## What to work on
The lines below from the one with "Uomo sorridente che prende selfie medio" up to and including the one with "wooden deck featuring" are what you should set down, exactly and without pictures.

## Exercise input

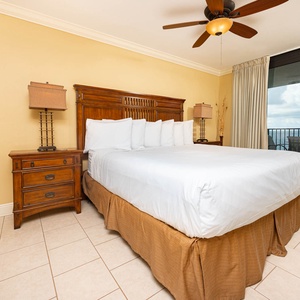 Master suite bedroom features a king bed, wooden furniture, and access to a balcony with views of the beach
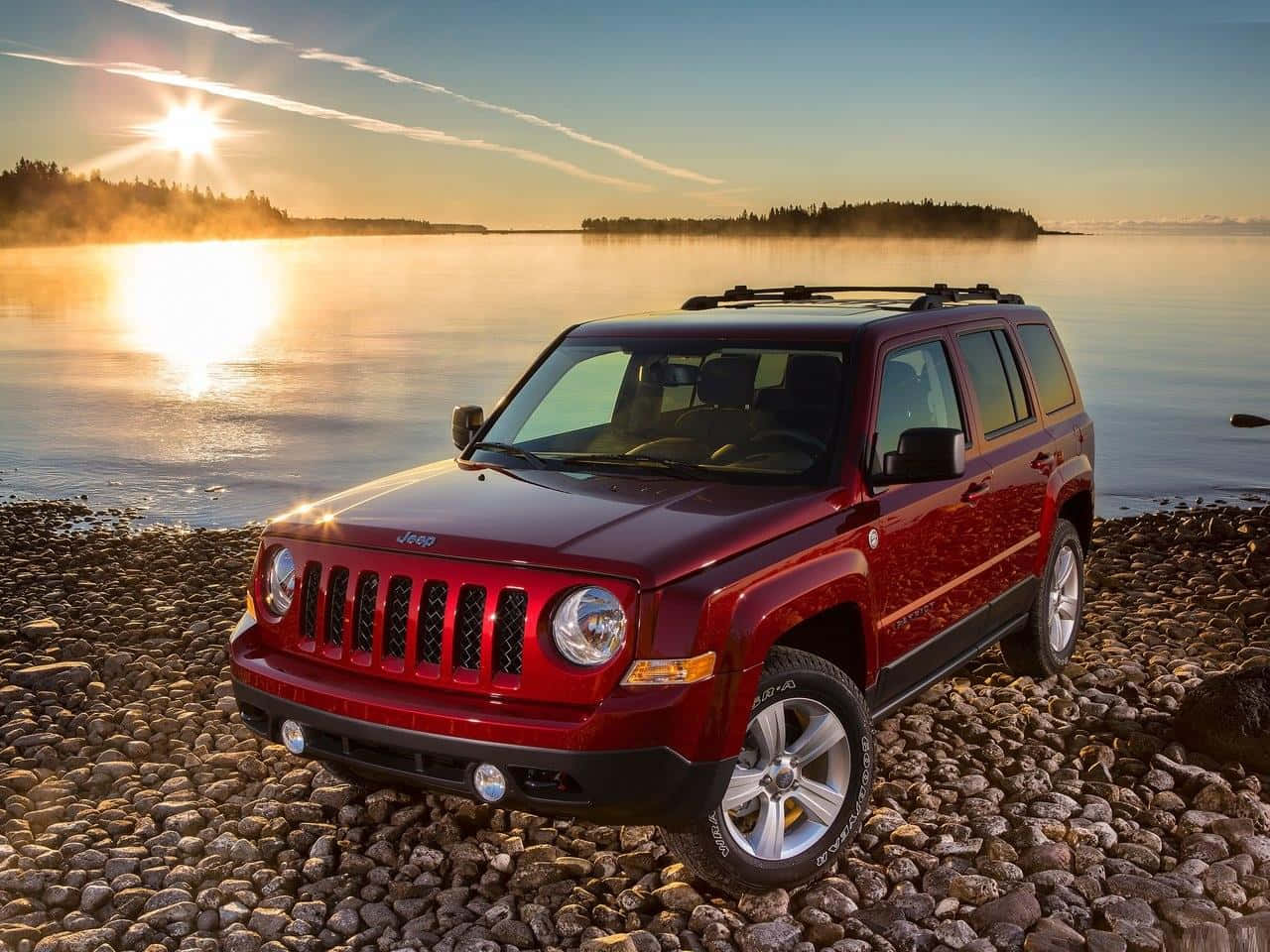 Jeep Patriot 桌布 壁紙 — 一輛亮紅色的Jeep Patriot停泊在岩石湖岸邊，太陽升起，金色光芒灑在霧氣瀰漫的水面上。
---
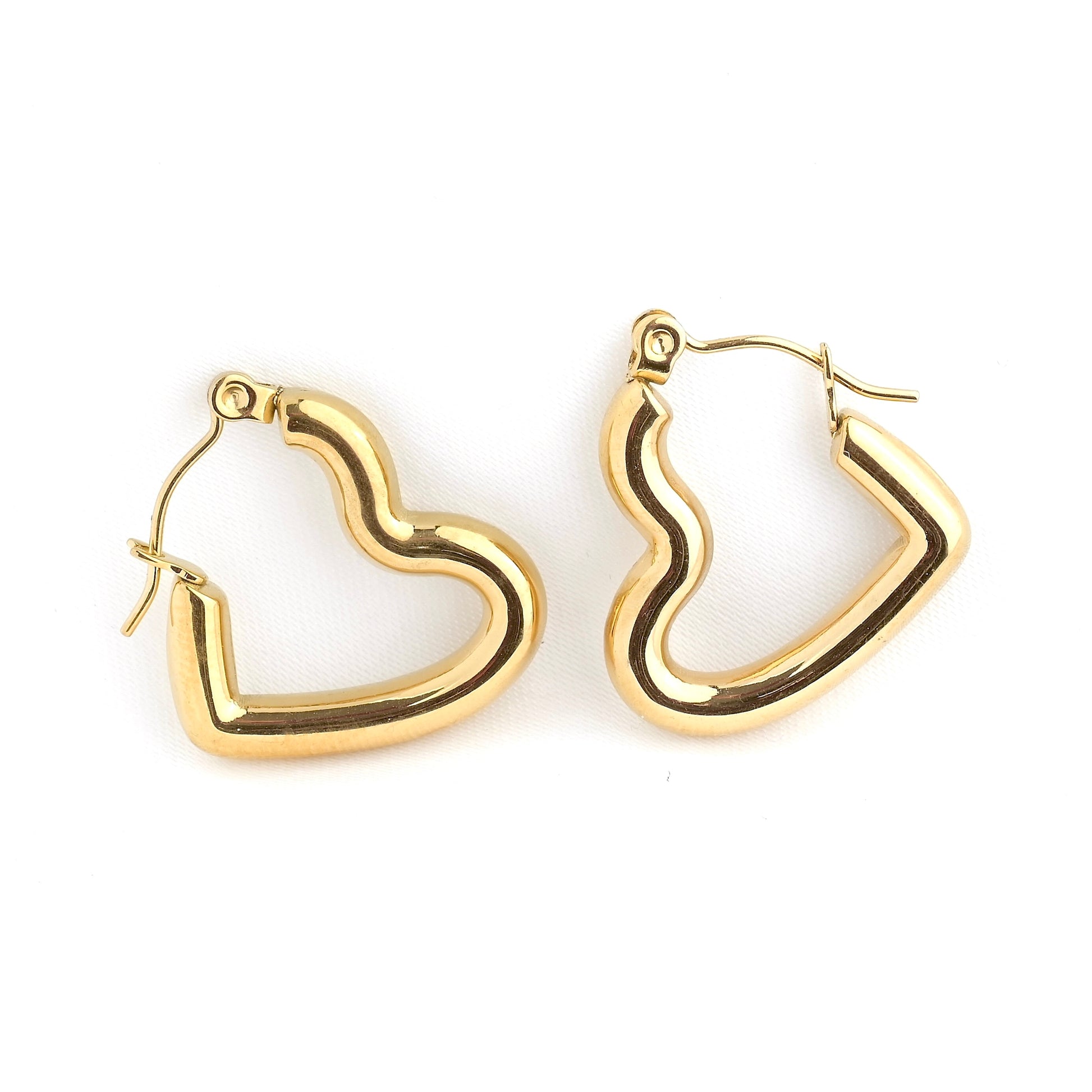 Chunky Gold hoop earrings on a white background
---
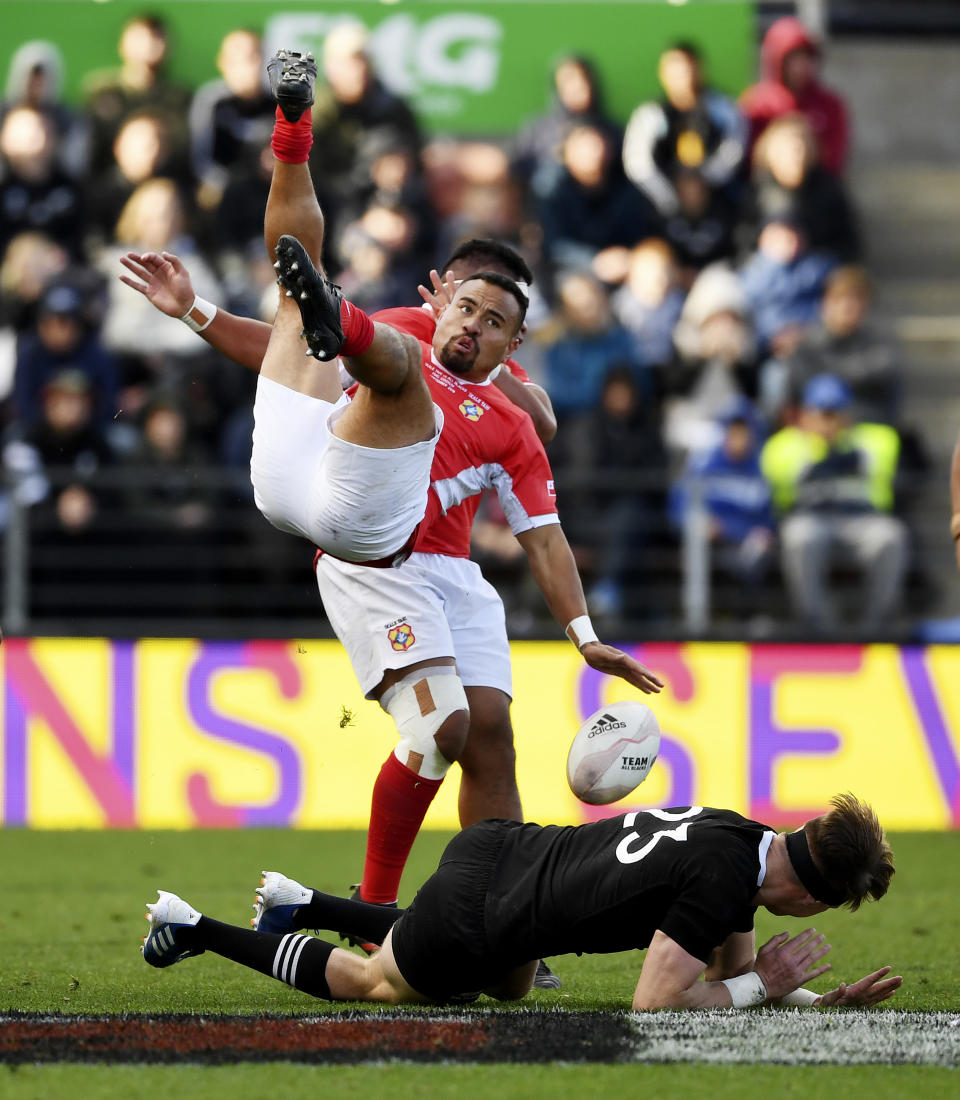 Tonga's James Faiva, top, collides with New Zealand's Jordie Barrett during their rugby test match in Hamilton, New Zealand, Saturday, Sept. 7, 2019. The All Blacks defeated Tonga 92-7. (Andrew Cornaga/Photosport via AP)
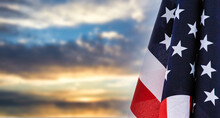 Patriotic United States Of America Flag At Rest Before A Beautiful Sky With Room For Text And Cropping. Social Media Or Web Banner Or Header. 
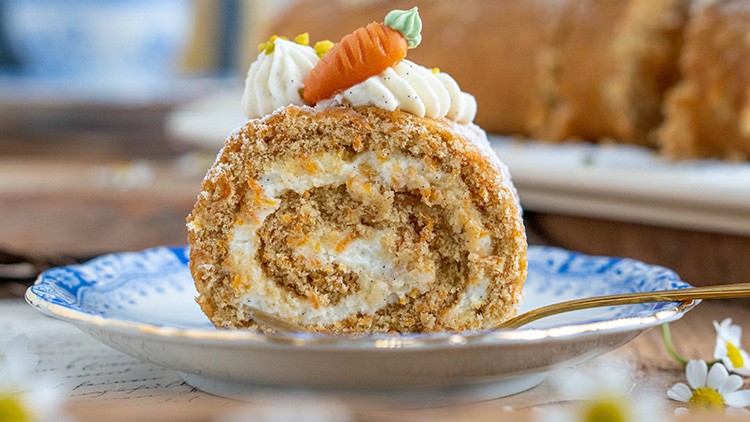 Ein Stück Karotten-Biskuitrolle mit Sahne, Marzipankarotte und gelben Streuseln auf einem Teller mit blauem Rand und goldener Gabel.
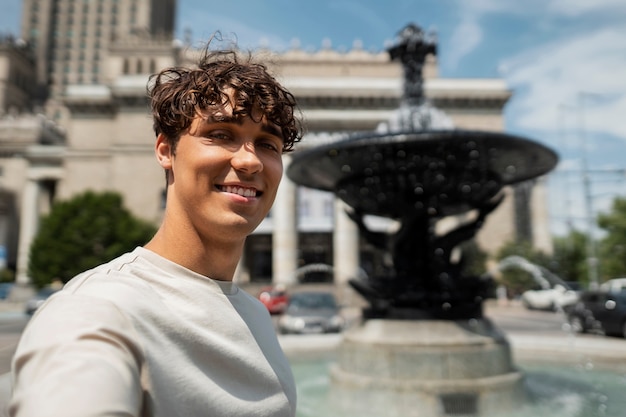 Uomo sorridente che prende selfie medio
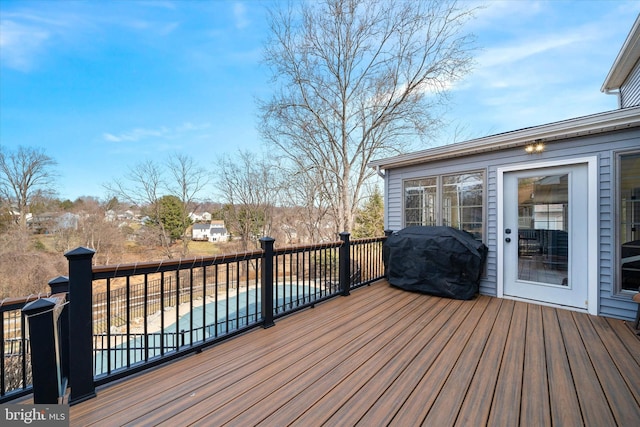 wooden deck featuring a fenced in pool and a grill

## Task response
 Uomo sorridente che prende selfie medio
 wooden deck featuring a fenced in pool and a grill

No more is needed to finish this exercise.